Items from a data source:
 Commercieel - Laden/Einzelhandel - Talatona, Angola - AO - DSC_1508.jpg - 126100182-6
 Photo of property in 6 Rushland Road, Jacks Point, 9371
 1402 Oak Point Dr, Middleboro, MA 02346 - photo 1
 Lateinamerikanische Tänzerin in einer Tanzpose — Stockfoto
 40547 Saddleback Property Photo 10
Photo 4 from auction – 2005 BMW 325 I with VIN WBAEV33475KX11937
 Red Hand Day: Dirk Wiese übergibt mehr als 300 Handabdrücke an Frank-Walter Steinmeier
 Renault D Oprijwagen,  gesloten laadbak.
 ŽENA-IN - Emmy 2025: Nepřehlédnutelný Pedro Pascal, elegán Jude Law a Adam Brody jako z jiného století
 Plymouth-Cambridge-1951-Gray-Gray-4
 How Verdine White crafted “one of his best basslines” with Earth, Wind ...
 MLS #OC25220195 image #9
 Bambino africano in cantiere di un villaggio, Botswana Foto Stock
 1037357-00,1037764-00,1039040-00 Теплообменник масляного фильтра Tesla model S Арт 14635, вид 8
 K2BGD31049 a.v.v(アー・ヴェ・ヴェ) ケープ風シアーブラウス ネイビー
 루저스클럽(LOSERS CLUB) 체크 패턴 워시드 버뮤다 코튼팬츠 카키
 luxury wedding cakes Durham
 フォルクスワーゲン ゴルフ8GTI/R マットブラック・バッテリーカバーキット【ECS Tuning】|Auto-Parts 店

TASK DETAILS:
Return exactly the lines from the line bearing "K2BGD31049 a.v.v(アー・ヴェ・ヴェ) ケープ風シアーブラウス ネイビー" to the end of the records, inclusive of both; include no other lines.

TASK OUTPUT:
 K2BGD31049 a.v.v(アー・ヴェ・ヴェ) ケープ風シアーブラウス ネイビー
 루저스클럽(LOSERS CLUB) 체크 패턴 워시드 버뮤다 코튼팬츠 카키
 luxury wedding cakes Durham
 フォルクスワーゲン ゴルフ8GTI/R マットブラック・バッテリーカバーキット【ECS Tuning】|Auto-Parts 店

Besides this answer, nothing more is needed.